▸ **Task to complete**: Would you write out each line of the material below exactly, skipping every picture?

-- Data follows --

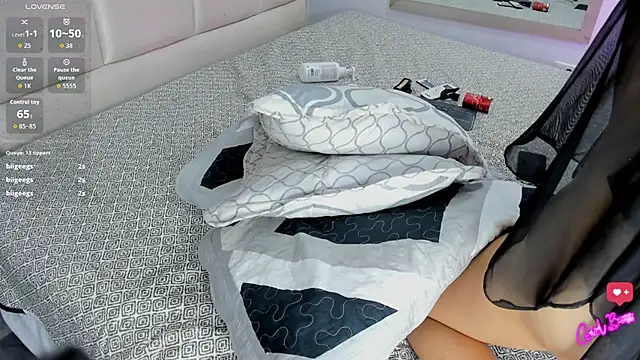 charlotsweett_ live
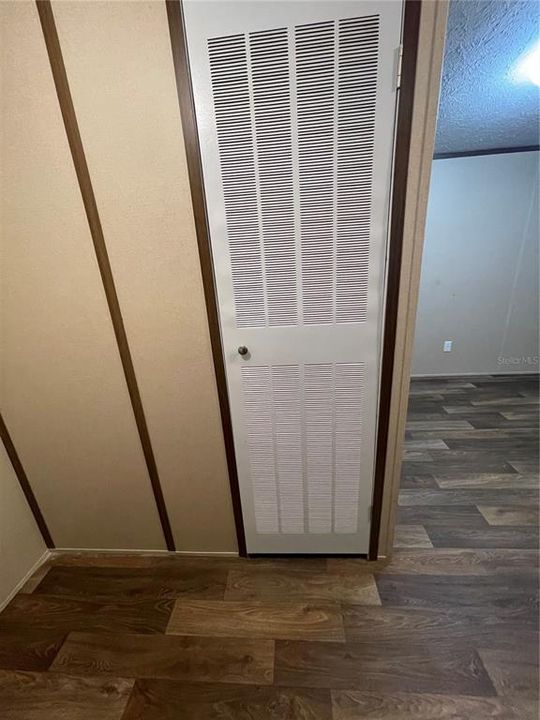 For Sale: $149,900 (2 beds, 2 baths, 840 Square Feet)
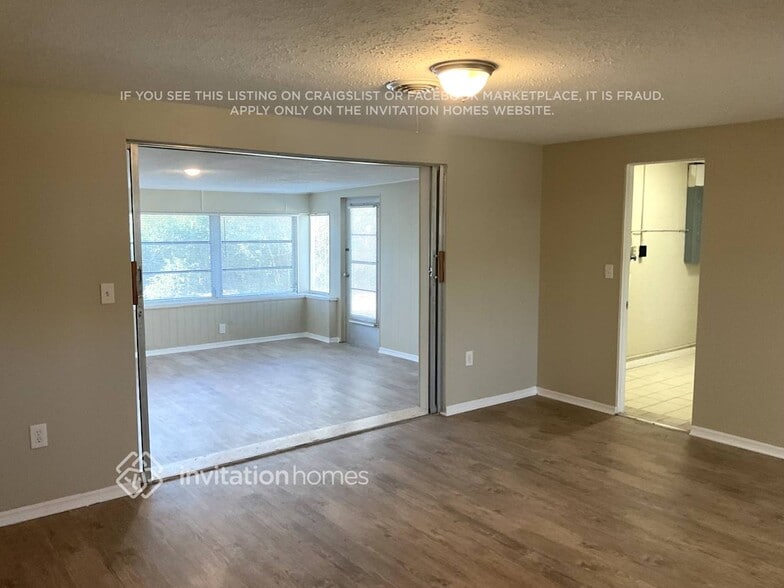 Building Photo - 2824 Seaspray St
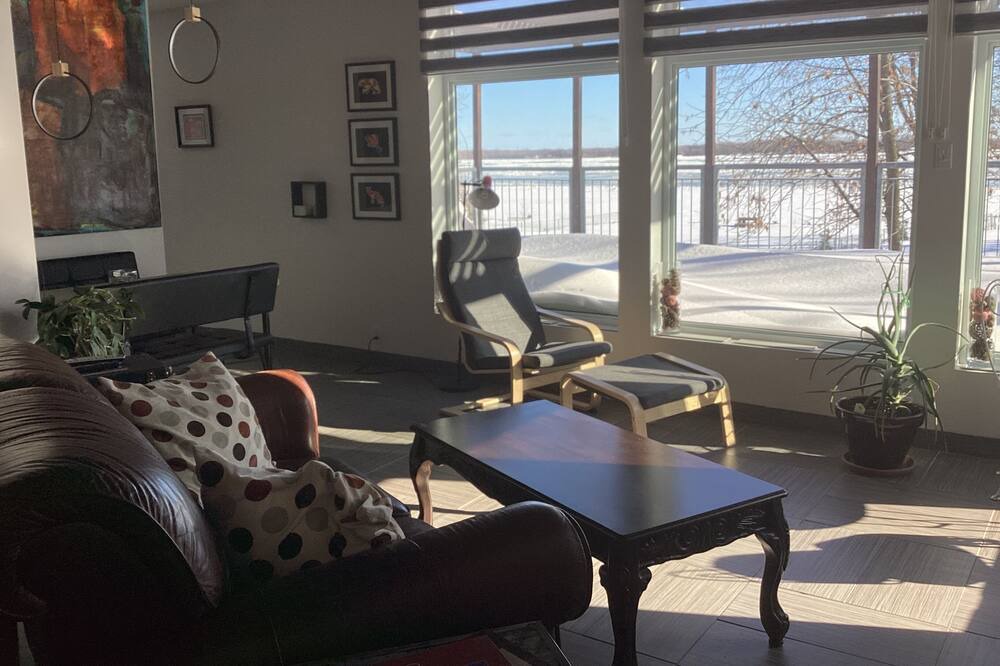 Photo of Livingroom in Trois-Rivieres Ouest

-- Data concluded --

▸ **Solution**:
 charlotsweett_ live
 For Sale: $149,900 (2 beds, 2 baths, 840 Square Feet)
 Building Photo - 2824 Seaspray St
 Photo of Livingroom in Trois-Rivieres Ouest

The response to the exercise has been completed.